Tal vez por ello, porque se trataba de un ser encantador, Neeskens acabó convertido en un profesor, en un maestro, en un predicador de las bondades del fútbol. Desde hacía más de una década, Johan II ejercía de embajador especial de la Federación Holandesa de Fútbol. Era uno de los líderes de un proyecto hermosísimo que los holandeses habían creado en colaboración con UNICEF: ir a cuantos países lo solicitaban para formar entrenadores, educadores, maestros del fútbol que enseñasen a los niños, no solo a jugar al balompié, sino también a defender los valores del deporte rey. La muerte le pilló en Argelia, trabajando para el fútbol, su pasión.
Michels les dejaba compartir una botella de vino entre cuatro en las comidas y cenas en las concentraciones, en Valvidrera, pero Neeskens no bebía, así que Cruyff y Rexach le pedían que se sentase en su mesa «porque así nuestra botella será solo para tres»
Neeskens, en efecto, dedicó los últimos diez años de su vida a compartir todo lo que sabía y aprendió del fútbol. Neeskens y la federación de su país crearon, en ese largo periodo de tiempo, más de 15.000 entrenadores-educadores en 52 países del planeta. Puede que Neeskens, lo vi y olí en su camiseta, no les enseñase el virtuosismo del fútbol, pero sí cómo convertirse en jugadores valiosos para su equipo, aquel que se pasa más de 90 minutos, muchos más, peleando por ellos y recuperando todos los balones que podía para que la figura pudiese crear su juego.

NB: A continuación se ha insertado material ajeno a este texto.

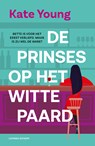 De prinses op het witte paard - Kate Young - 9789021040370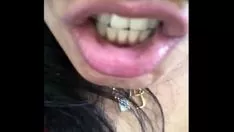 巴西坚果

Neeskens llegó a Barcelona después de perder aquella mítica final, la que Franz Beckenbauer le ganó a Johan Cruyff. Y llegó recién casado con Marianne, su primera esposa. Al holandés le encantaba Barcelona, siempre le gustó, aunque, eso sí, jamás se adaptó a los horarios mediterráneos.

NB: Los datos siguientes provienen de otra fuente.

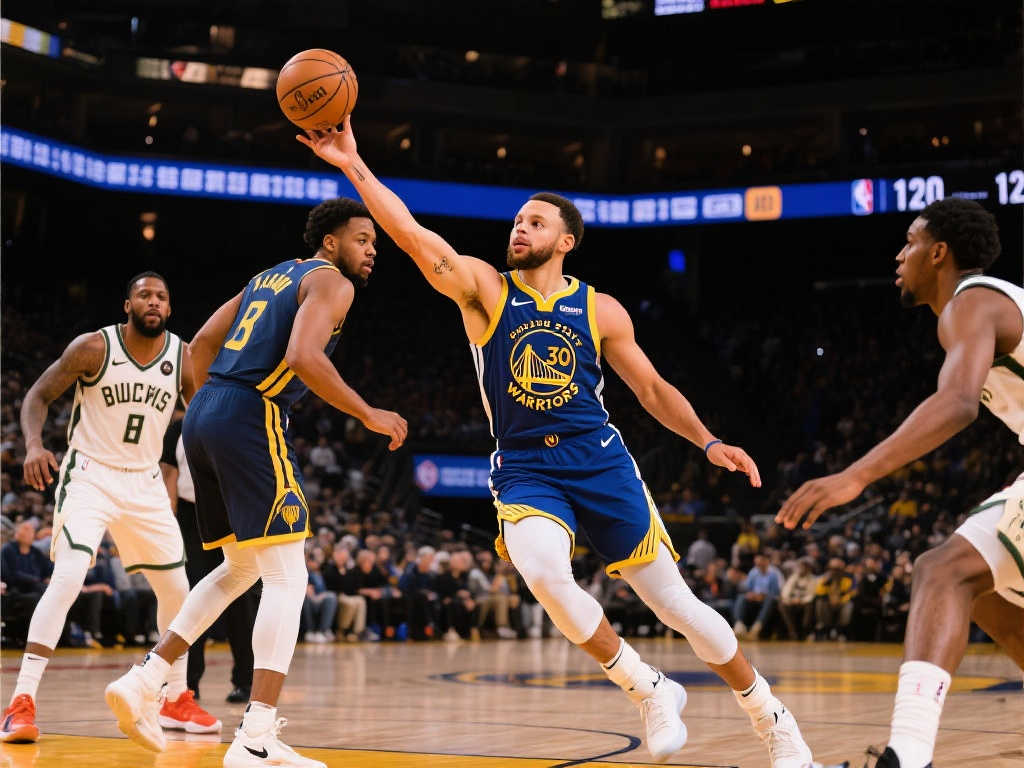 卡的关键角 卡的关键角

Siempre explicaba que él y su esposa llegaban a los restaurantes a las cinco de la tarde “y nunca nos daban de cenar, siempre encontramos a la señora de la limpieza que nos decía que, por favor, volviéramos más tarde. Y, sí, volvíamos a las ocho. Cuando nosotros nos íbamos del restaurante, empezaban a llegar los primeros comensales”.